When the disputed domain names were registered the Complainants’ trademarks EMBASSY SUITES, HILTON and HHONORS were already well-known worldwide in the field of lodging services. Therefore, it is not feasible that the Respondents could have been unaware of the Complainants’ reputation and business.
Also, the disputed domain names are being used as a pay-per-click landing pages, displaying sponsored links for third party websites that offer competing products. Therefore, in doing so, the Respondents:
(i) create a likelihood of confusion with the Complainants’ trademarks;
(ii) obtain click-through revenue from this practice; and
(iii) deprive the Complainants from selling their services to prospective clients who are clearly looking for the Complainants and, at the same time, promote services offered by competitors.
In situations like this, former UDRP decisions have considered this type of usage of a domain name enough to demonstrate bad faith. For reference on the subject, it is important to point out that “Respondent’s bad faith registration and use under paragraph 4(b)(iv) of the Policy. is further illustrated by the domain name’s resolution to a PPC parking page with links to websites selling products competing with Complainant’s. It is now well-established that the use of a parking page in this manner is strong evidence of bad faith” Serta Inc. v. Charles Dawson, WIPO Case No. D2008-1474. See also Asian World of Martial Arts Inc. v. Texas International Property Associates, WIPO Case No.

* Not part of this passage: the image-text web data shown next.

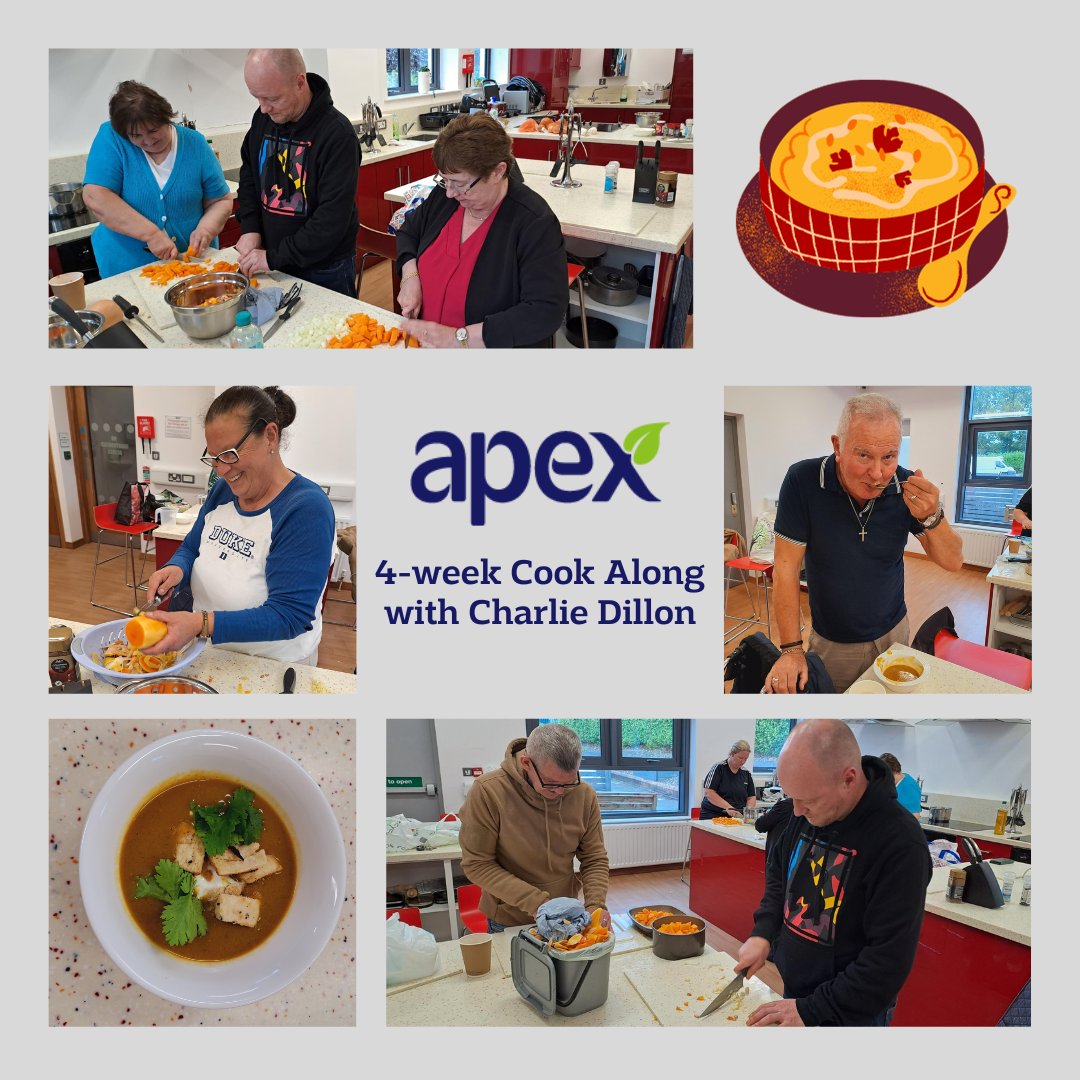 ApexHousingAssn's tweet photo. Tenants made a delicious butternut squash soup during week 1 of our #CookAlong with Chef Charlie Dillon. 🍜

Everyone enjoyed themselves and it was a great way to make new friends!

Some spaces are available:
📞 Contact Mieke: 028 7130 4800 / TP@apex.org.uk https://t.co/mydy8ve62D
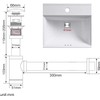 Segistan Bathroom Basin Sink Stopper P-Trap Complete Set, Adjustable Height
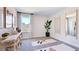 Bright home office or exercise room with large window and mirrors at 2620 Stonington Dr, Cary, NC 27523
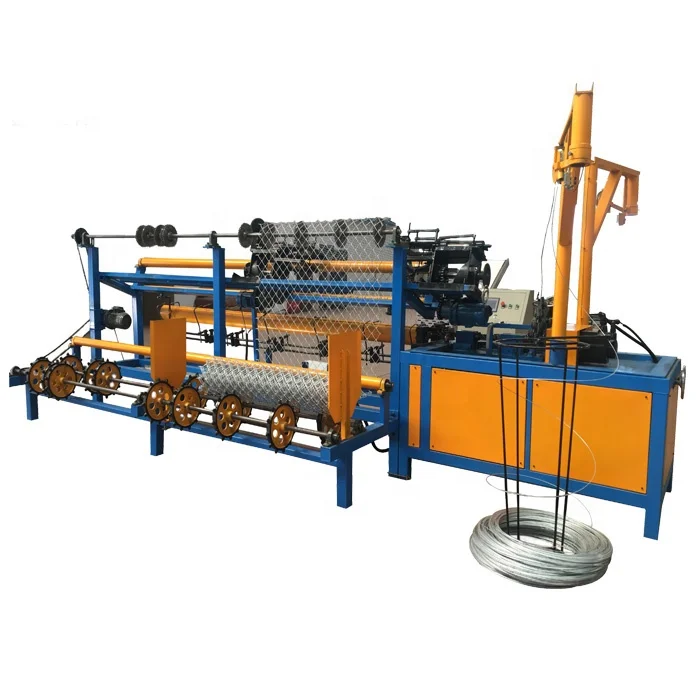 High speed The metal wire diamond and Full automatic chain link fence machine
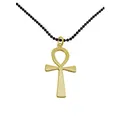 Large Egyptian Ankh Cross Pendant Necklace in 9ct Gold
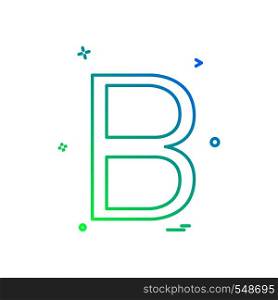 b letter icon vector design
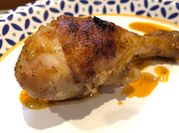 A picture of chicken drumstick roasted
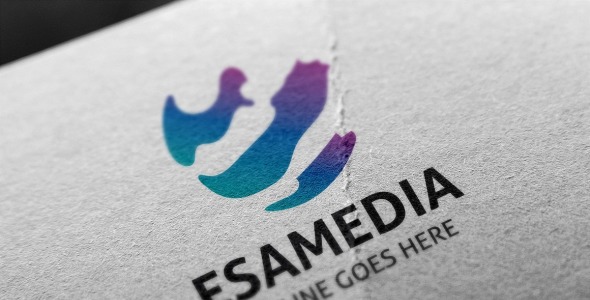 Шаблон логотипа на тему графика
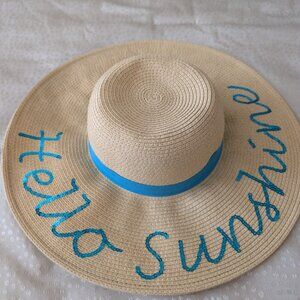 Hello Sunshine Beach Hat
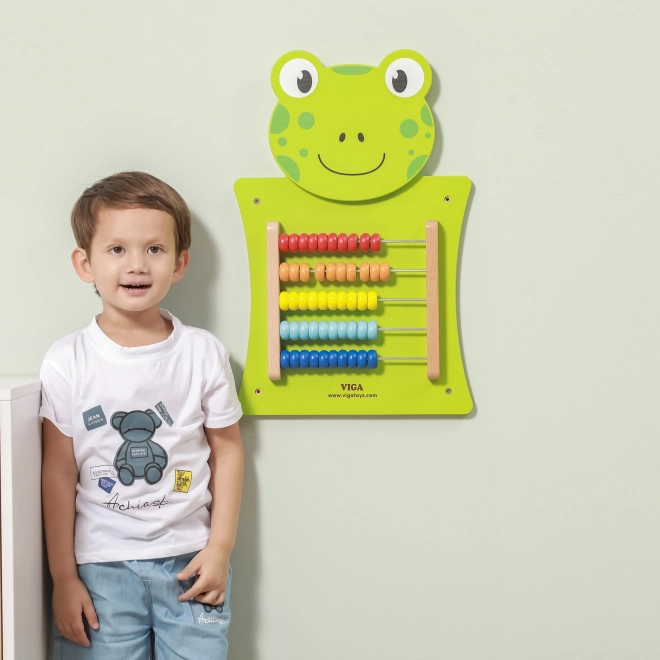Viga træplade med tæller frø montessori certifikat FSC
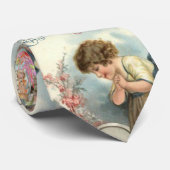 Cravate oeufs de pâques victoriens (Roulé)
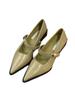 Fashion Shoes Woman Flats Shallow Mouth Pointed Toe Dress Comfortable On Heels New Summer Spring Mary Janes Shoes Woman 2025 Pointed Toe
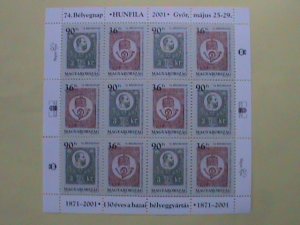 SOMALIA STAMP :2001 SC#3963a   130TH ANNIVERSARY OF HUNGARY STAMP  -MNH  S/S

D2007-1415.
Finally, the use of a privacy service and the Respondent’ Yorkshire Enterprises Limited precedents in WIPO UDRP cases also help to characterize a pattern of bad faith registration.
Accordingly, the Panel finds that the Complainants have proved that the disputed domain names were registered and are being used in bad faith, satisfying the third element of the Policy.
For all the foregoing reasons, in accordance with paragraphs 4(i) of the Policy and 15 of the Rules, the Panel orders that the domain names, <embassysuitesdenver.com>, <hiltonhawainvillage.com> and <hiltonhonros.com> be transferred to the Complainants.